AIM OF THE TASK:
Repeat the listing exactly as given, omitting every image.

INFORMATION PROVIDED:
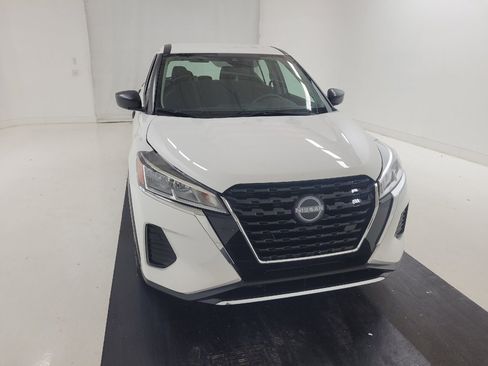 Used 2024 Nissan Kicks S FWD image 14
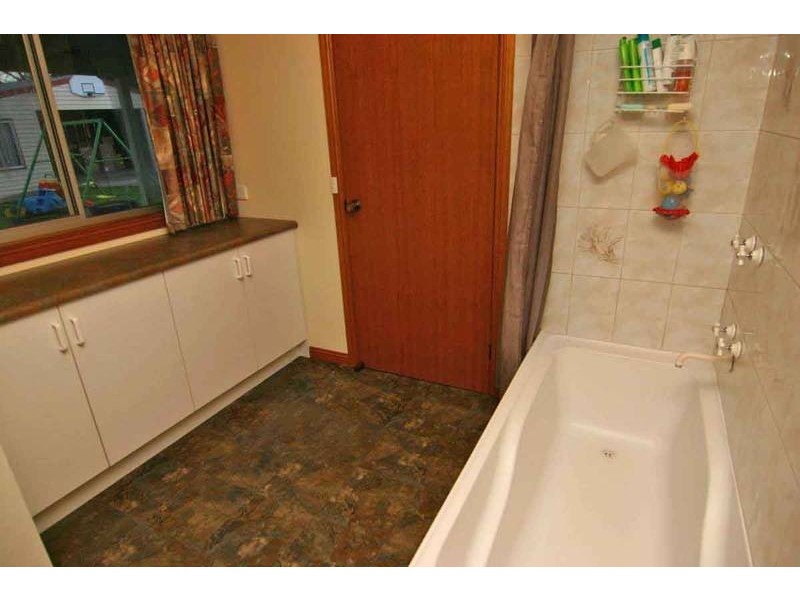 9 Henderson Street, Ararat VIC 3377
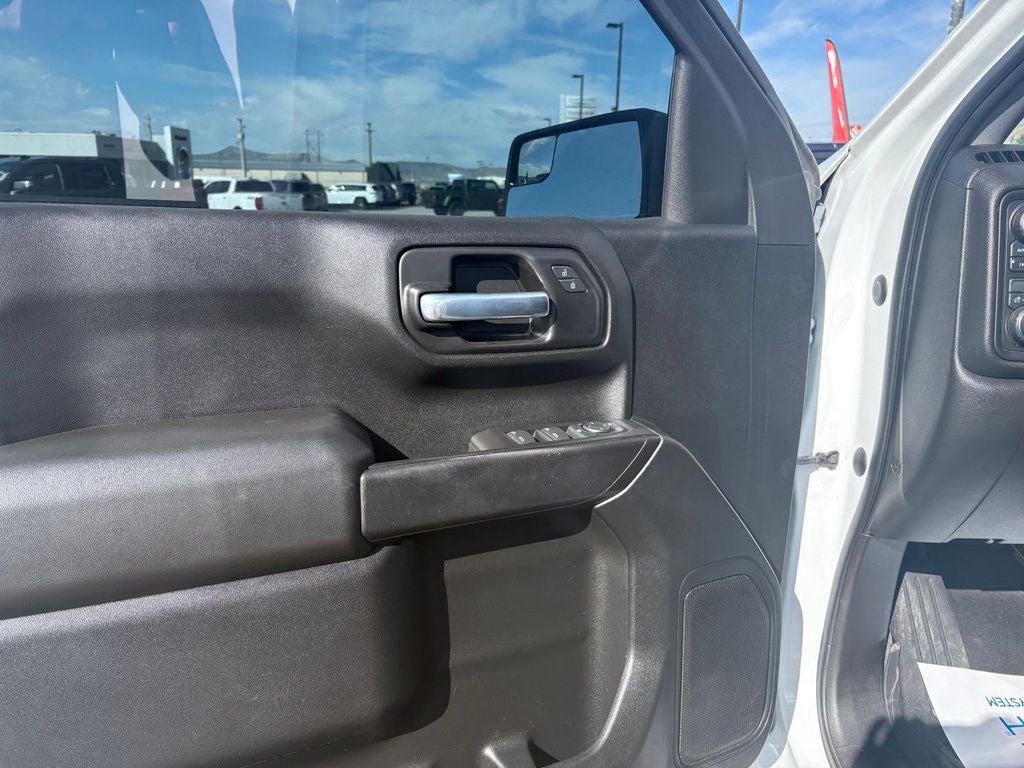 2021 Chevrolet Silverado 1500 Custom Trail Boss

THE ANSWER:
 Used 2024 Nissan Kicks S FWD image 14
 9 Henderson Street, Ararat VIC 3377
 2021 Chevrolet Silverado 1500 Custom Trail Boss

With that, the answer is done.